[INFORMATION SHOWN]
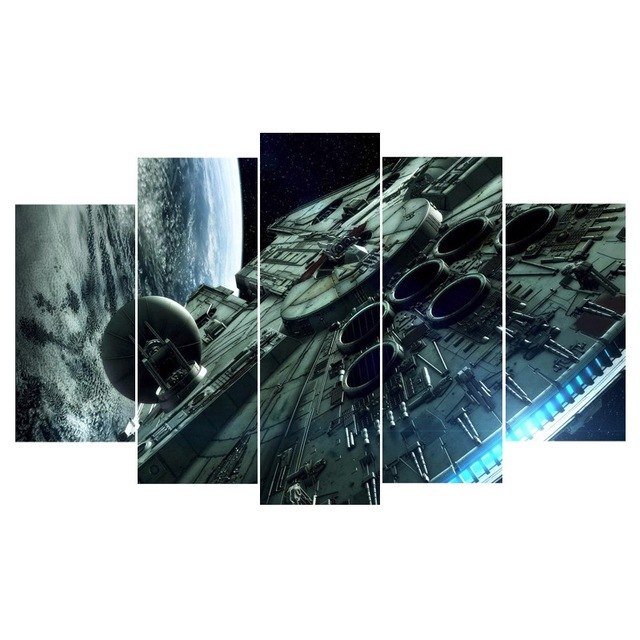640x640 5 Piece Canvas Art Printed Millennium Falcon Star Wars Painting - Star Wars Painting Art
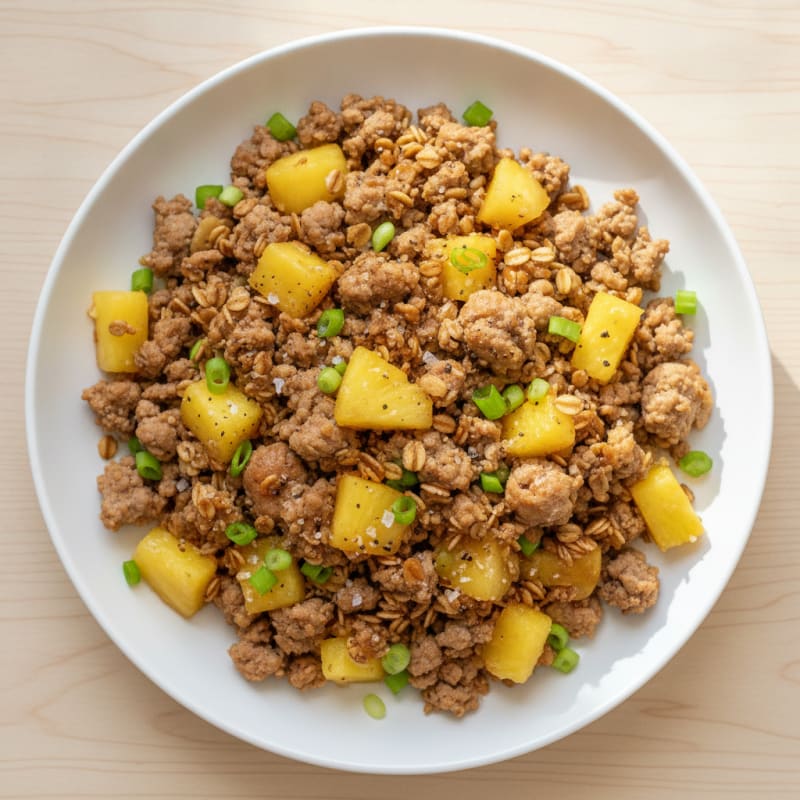 Ground Turkey and Oats Granola with Pineapple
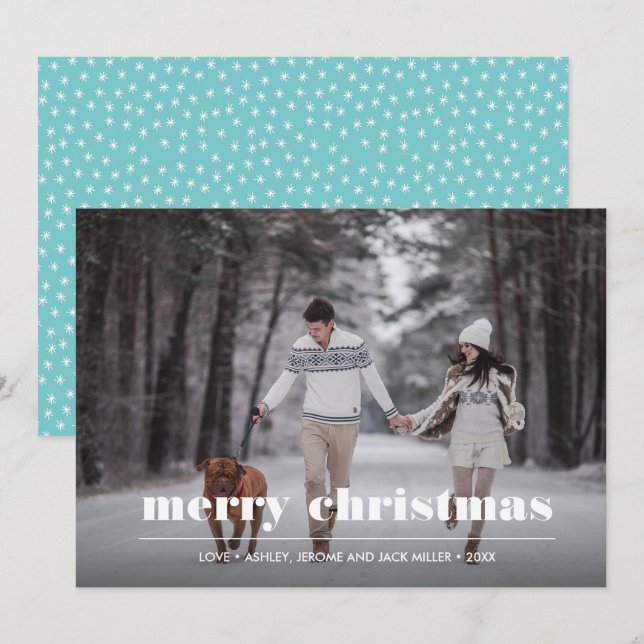 Minimal Graphic | Aqua Christmas  Photo Card (Front/Back)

[INSTRUCTIONS TO FOLLOW]
Pictures in the listing above must be skipped; everything else should be copied exactly.

[SOLUTION TO THE PROBLEM]
640x640 5 Piece Canvas Art Printed Millennium Falcon Star Wars Painting - Star Wars Painting Art
 Ground Turkey and Oats Granola with Pineapple
 Minimal Graphic | Aqua Christmas  Photo Card (Front/Back)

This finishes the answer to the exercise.